Im September 2011 trat Ochlobystin außerdem erstmals lautstark als politische Figur in Erscheinung. So präsentierte er in einer Polit-Performance im Moskauer Sportpalast Luzhniki, die ihresgleichen sucht, eine Art politisches Manifest.2 Diese Doktrin-77 hat jedoch wenig mit einem ernstzunehmenden politischen Programm gemeinsam. Als Auftaktveranstaltung zur angekündigten Kandidatur für die Präsidentschaftswahlen 2012 lanciert, präsentierte Ochlobystin ein Konglomerat aus imperialen, nationalrussischen und religiösen Ideen, das mit Fantasy-Elementen angereichert war. So ist darin beispielsweise vom Weltenende und einem apokalyptischen Endkampf die Rede sowie davon, dass die Russen für den Krieg geschaffen seien.
Kritische Beobachter fühlten sich durch die Präsentationsform – mit einer weißen Pyramide als Bühnenbild, Rauch, Musik und dem an Schlüsselstellen seines Textes die Pauke schlagenden Ochlobystin – an die Praktiken totalitärer Sekten erinnert.3 Gleichzeitig wurde darüber spekuliert, wer diese Show denn finanziert habe und wessen Werbestrategie das sei. Denn Ochlobystin hatte zu diesem Zeitpunkt den Posten eines Kreativdirektors beim Mobilfunkanbieter Evroset inne.

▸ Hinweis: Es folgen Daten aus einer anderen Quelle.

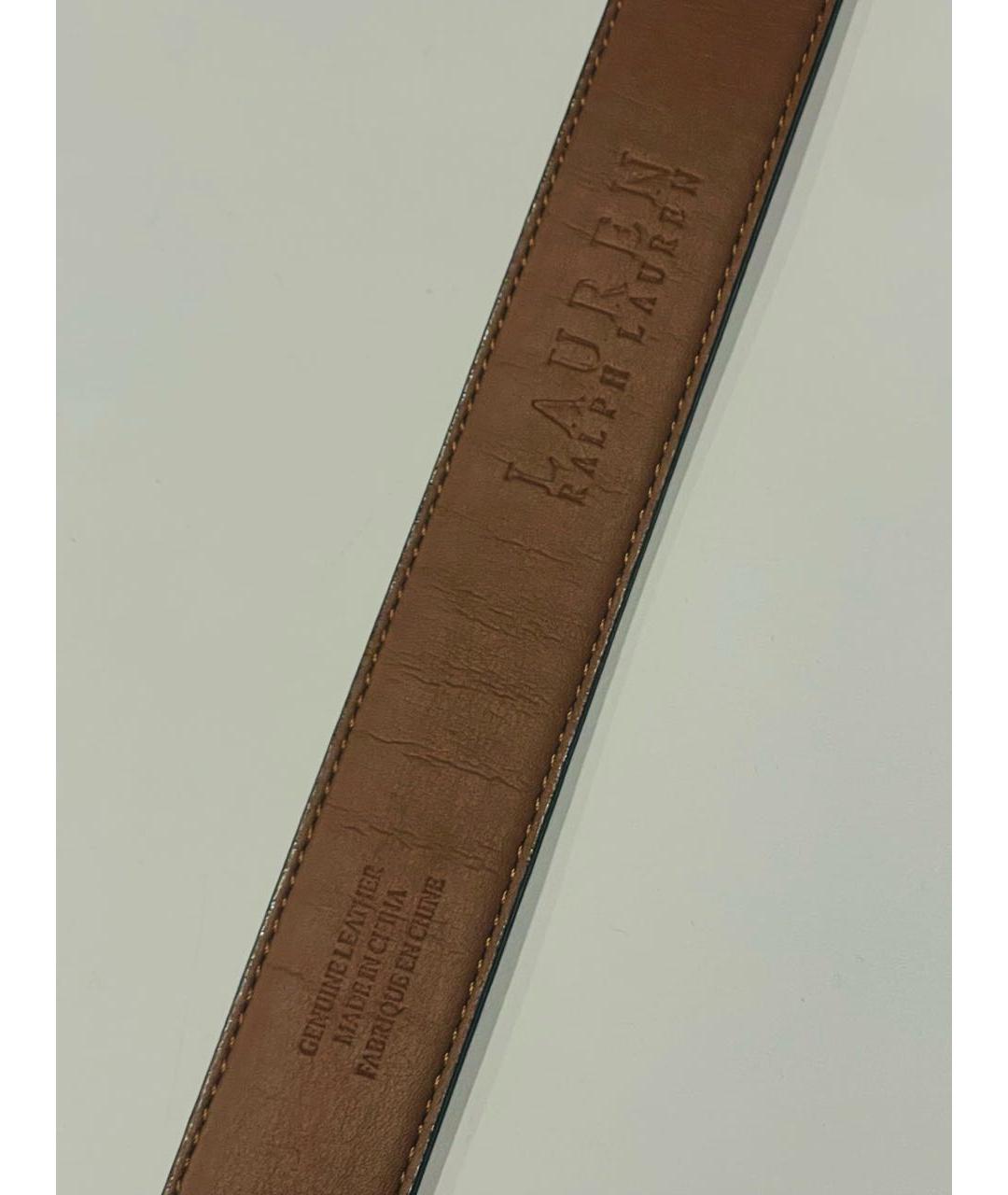 RALPH LAUREN Черный кожаный ремень, фото 4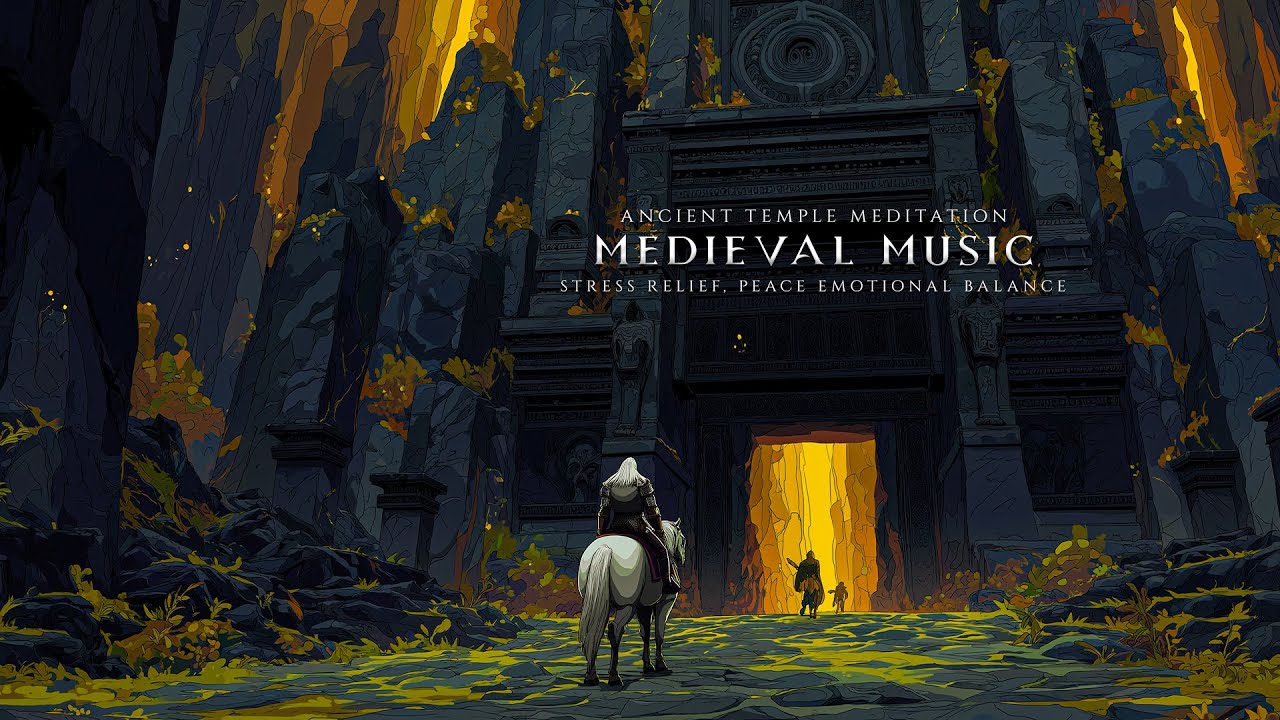 Ancient Temple Meditation | Medieval Music for Stress Relief, Peace & Emotional Balance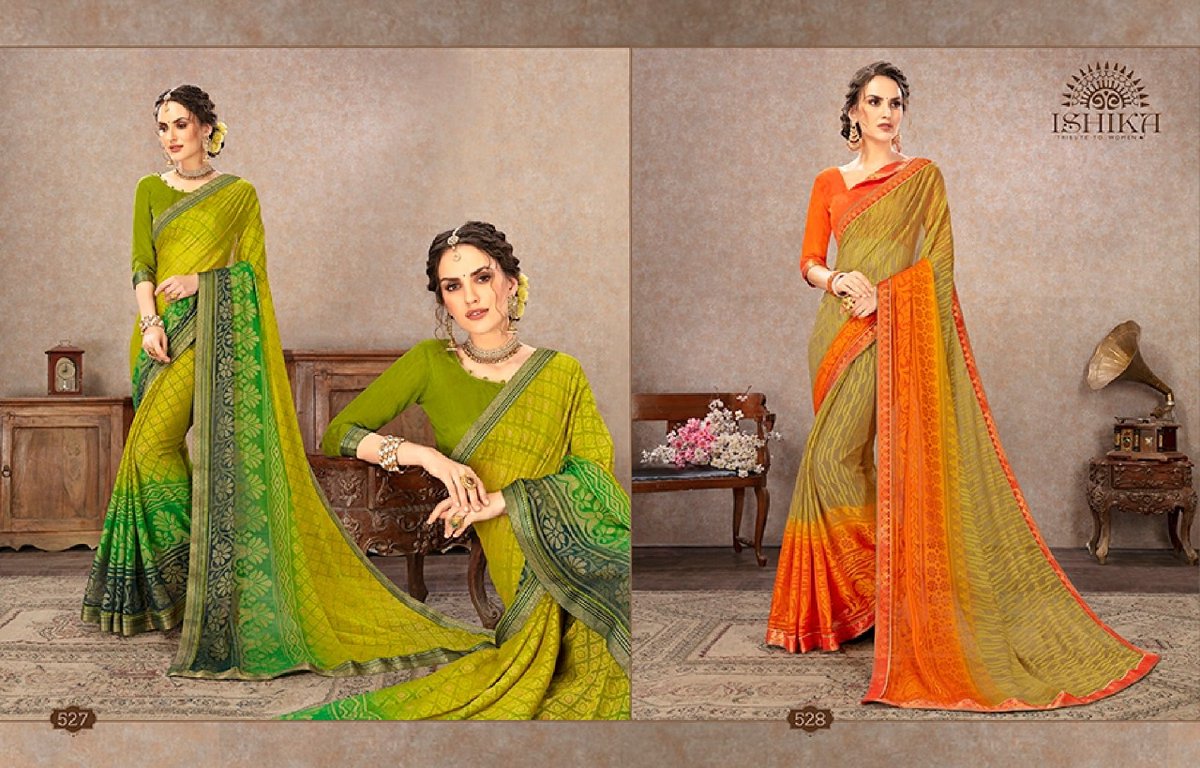 Ishika Sarees Shubham 521-534 Series 6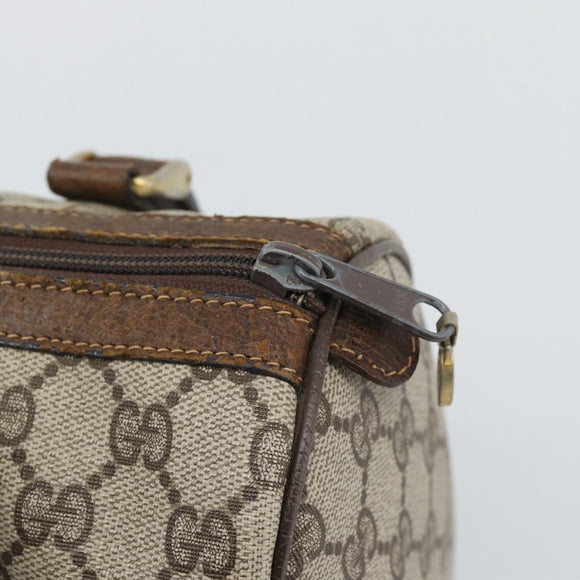 GUCCI GG Supreme Web Sherry Line Boston Bag PVC Beige 20 012 3841 Auth gh2240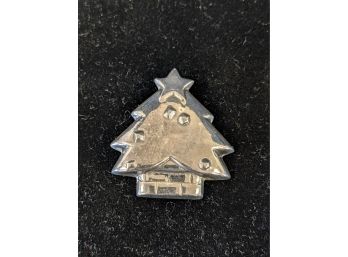 Vintage Sterling Silver 'NP' Or 'NF' Christmas Tree Pin Marked .925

Ochlobystins politisches Engagement als Präsidentschaftskandidat, dann als Gründer einer Partei namens Koalition Himmel und schließlich als Ideologe der Partei Rechte Sache (Pravoje delo), löste sich schnell in nichts auf. Weit nachhaltiger wirken dagegen seine auf Provokation ausgerichteten politischen Aussagen über Liberale, Oppositionelle und Andersdenkende, die als Bestandteile eines nationalkonservativen Populismus in den russischen Medien kursieren. Dazu gehören insbesondere seine Aussagen über Homosexuelle, die man am besten „bei lebendigem Leibe in den Ofen stecken sollte“4, oder seine Unterstützung für die Separatisten im Donbass, für die er 2014 mit einem Einreiseverbot in die Ukraine belegt wurde.
Iwan Ochlobystin ist eine prominente Figur der russischen Medienwelt. Durch seine provokanten politischen Aussagen trägt er wesentlich zur medialen Mobilisierung gegen Andersdenkende im heutigen Russland sowie zu einer Verrohung des gesellschaftlichen Diskurses bei. Dabei ist Ochlobystin als mediales Phänomen höchst komplex. So kann längst nicht mehr zwischen den Rollen, die er spielt, und den politischen Meinungen, die er vertritt, unterschieden werden. Eine Strategie, die Ochlobystin einsetzt, um genau diese Grenze zu verwischen, ist die Rolle des Jurodiwy, der russisch-orthodoxen Variante des Narren in Christo. Dass dieses Spiel aufgeht, zeigt die Einschätzung des Schriftstellers Dimitri Bykow, der die Meinung vertritt, Ochlobystin würde die Losungen der orthodoxen Kirche wie auch der Politik extrem überzeichnen und damit als absurd entlarven.5 Dabei wird allerdings übersehen, dass die traditionelle Funktion des Jurodiwy darin bestand, die Macht bzw. die Mächtigen mit Verachtung zu strafen. Ochlobystin dagegen geht mit dem derzeitigen politischen Mainstream konform.